Geary left Cedar Ridge in 2010 to coach at Person High School, partly to get closer to a lake house that the family owned near Roxboro. They held annual Super Bowl parties there every winter, including Super Bowl XLIII, where Geary’s Steelers defeated the Arizona Cardinals 27-23.

Even after all the championships he won in Hillsborough, Geary never forgot that the greatest place on earth is home. In 2015, he returned to West Virginia as an assistant coach for East Fairmont High School’s football team, serving with his brother, John, the head coach. The following year, Lou became the head coach for the 2016 season before resigning and returning to North Carolina.

“He wasn’t even looking for a job,” Jake said. “His brother wound up calling him and asked if he wanted to do with him. He jumped all over that and they worked together. It was a young team and they were trying to build something together.”

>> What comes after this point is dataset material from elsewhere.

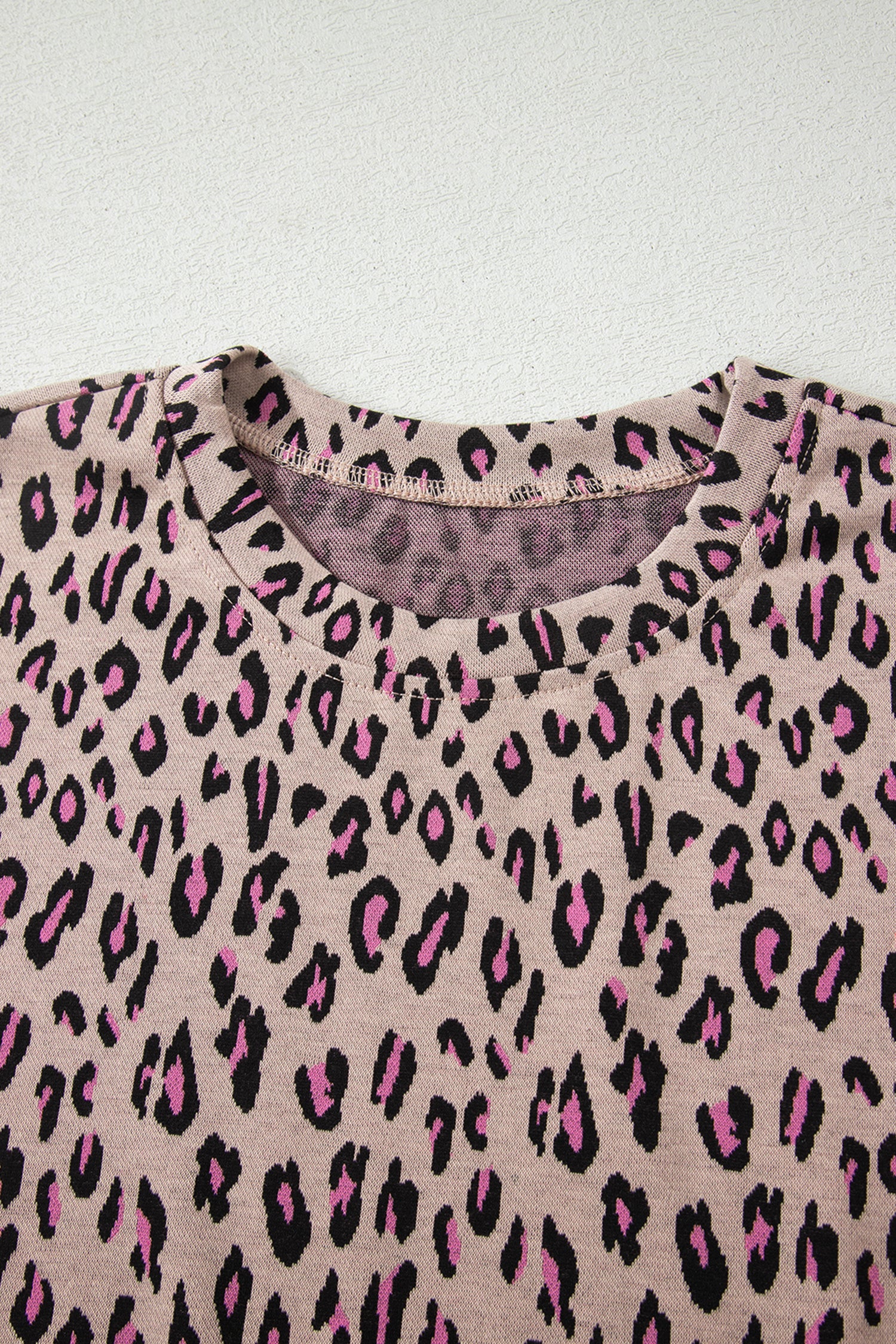 Pink Leopard Print Casual Tee and Pants 2pcs Outfit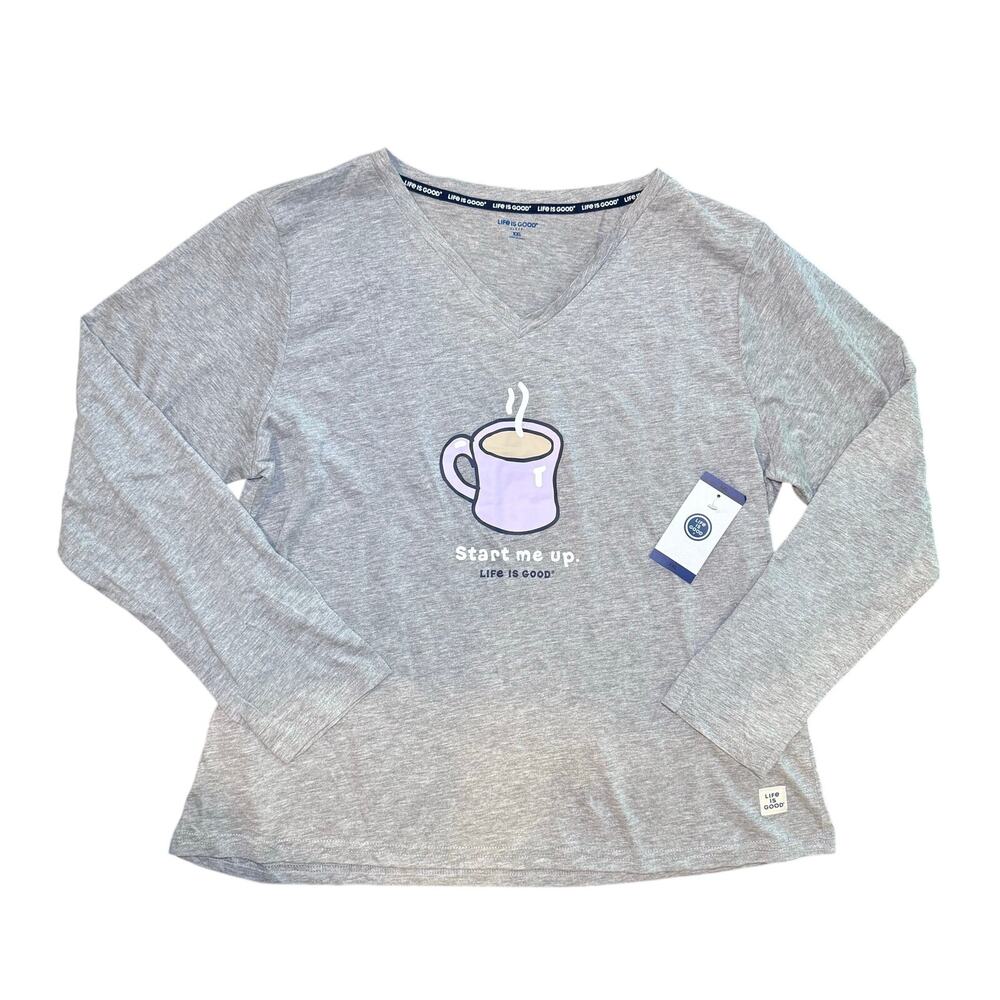 Life Is Good NWT Start Me Up Coffee Long Sleeve Sleep Shirt Gray XXL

In recent years, Geary had kept up with Cedar Ridge athletics. Jake says it was a topic of one of their final conversations at a memory care facility in New Bern, where Geary stayed since July.

“Over the last few weeks, I’ve heard from people from West Virginia to North Carolina to Virginia,” Jake said. “Old coaches and teammates that I’ve never met before. All of them said the same thing. He loved the game and he took everybody under their wing and treated them exactly the same. He always had a smile on his face. It was amazing reading how many people he impacted.”